Welcome to Streetprint Manila

Streetprint Manila is a research project that is part of a larger research endeavour called “Six Continents and Between”. Initiated by Prof. Gary Kelly of the University of Alberta, 6CAB seeks to investigate popular print culture across various geographical, sociocultural, and ethnolinguistic contexts. More specifically, it aims to look at reading patterns and preferences of the Filipino Everyman, or those whom we would largely consider members of the “masa” class.

Alternative Canons

It is easy, and perhaps even convenient, to dismiss Philippine literature as minor or juvenile, especially when viewed against dominant literary traditions of the West, whose cultural capital remain undisputable even in a post-imperial world. The development of the Philippine literary tradition has always been chronotopically postcolonial, that is, it is a tradition that has always reflected the constant tension, negotiation, and struggle against superimposed structures of its time, which in this case would be the colonialism and cultural domination of the West. In a very real sense, the colonial struggle now extends in world literature as a West-vs.-Other divide. In her book Other Asias, Gayatri Spivak talks about the need to pluralize this notion of “Other” through critical regionalism, expanding on Edward Said’s view on Orientalism to accommodate the various geographic, cultural, and social epistemes that comprise our conception of “Asia”. The Asia in Spivak’s mind is not one but many, an Asia both Self and Othered. These “Other Asias” must always contend with the “invisible hand” of the hegemonic, colonial, and Western tradition that is the undeniable and immutable center of all postcolonial dynamics. In short, Spivak notes that a pluralized vision of Asia, one that is borne out of a critical regionalism, is one that transcends the understanding of Asia as “simply a matter of imaginative geography, but also of discontinuous epistemes” (8).

Following Spivak’s critique of a singularized view of Asia, perhaps it would be profitable to view these multiple canons of literature and identity as also being “regional”, not necessarily in a spatial sense (though to some extent it is that too) but in a sociocultural sense. As Spivak’s critical regionalism is an affirmation of the “negotiable multiplicity” of the fragmented postcolonial landscape, so too can we view the national identity as represented in literature as varied, fluid, and dynamic: the product of contestations against hegemony. Spivak’s concept of a critical regionalism can help us understand that the development of a representative literature, created through dialectic processes of struggle, deterritorializations, subversions, and negotiations, is always going to be an agonistic process. In the case of a postcolonial literature such as the Philippines’, it is even more difficult given the essential physical and social fragmentations that contextualize its historicity.
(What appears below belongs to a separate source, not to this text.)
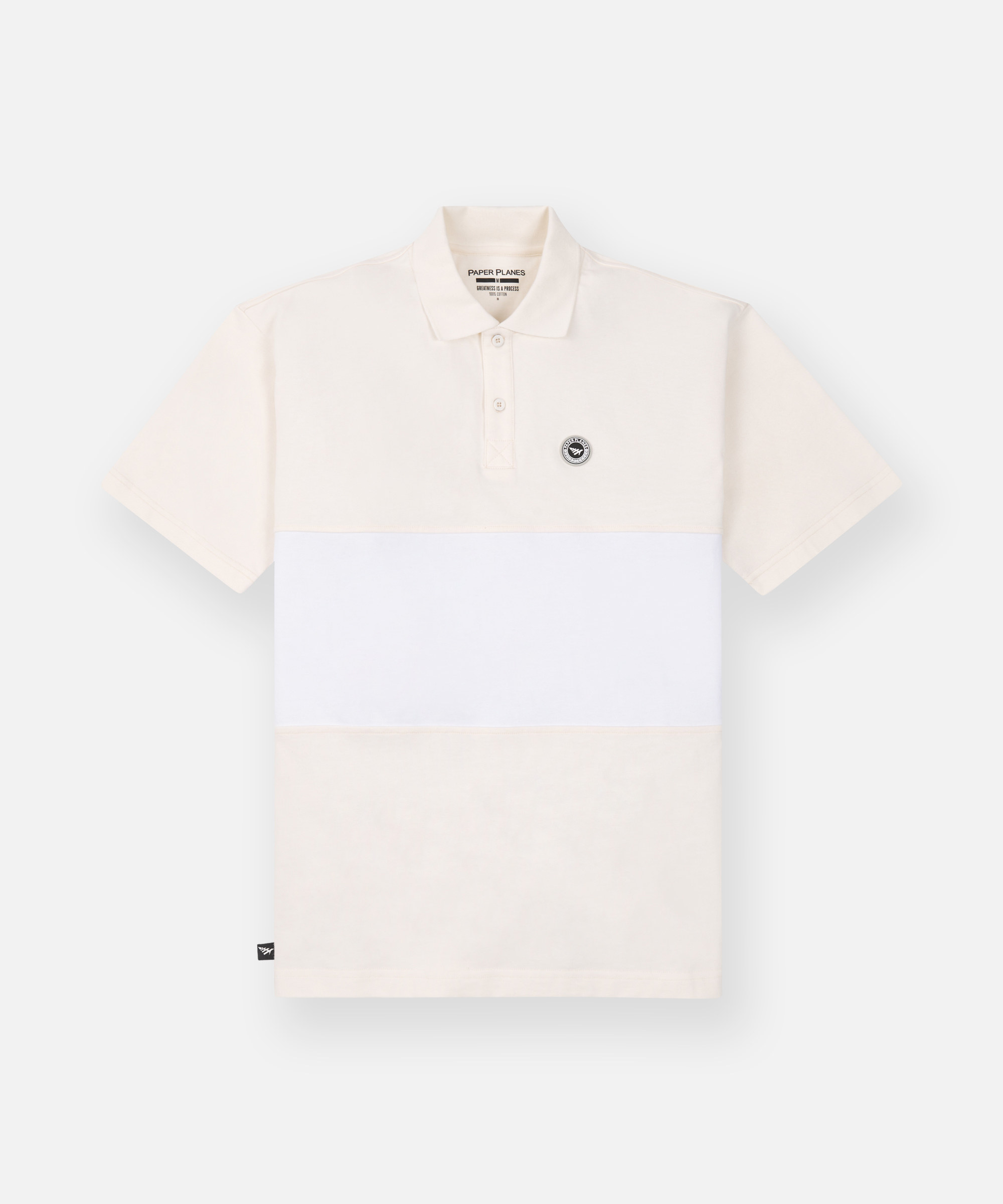 Paper Planes Boxy Fit Heavyweight Polo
Looking at such literatures necessitate looking beyond the geopolitics of the discourse; indeed, more than just a critical regionalism, perhaps what we need is a critical cultural regionalism, a prismatic lens with which to view the fragmented entity of a Filipino nation. This necessitates a paradigm shift insofar as traditional modes of national identity and its representation in literature are concerned, since such modes highlight singularity and absolutism. In reality, nations, identities, and literatures are multiple, dynamic, and unfixed—and perhaps it is more exciting and accurate to view them in such a way.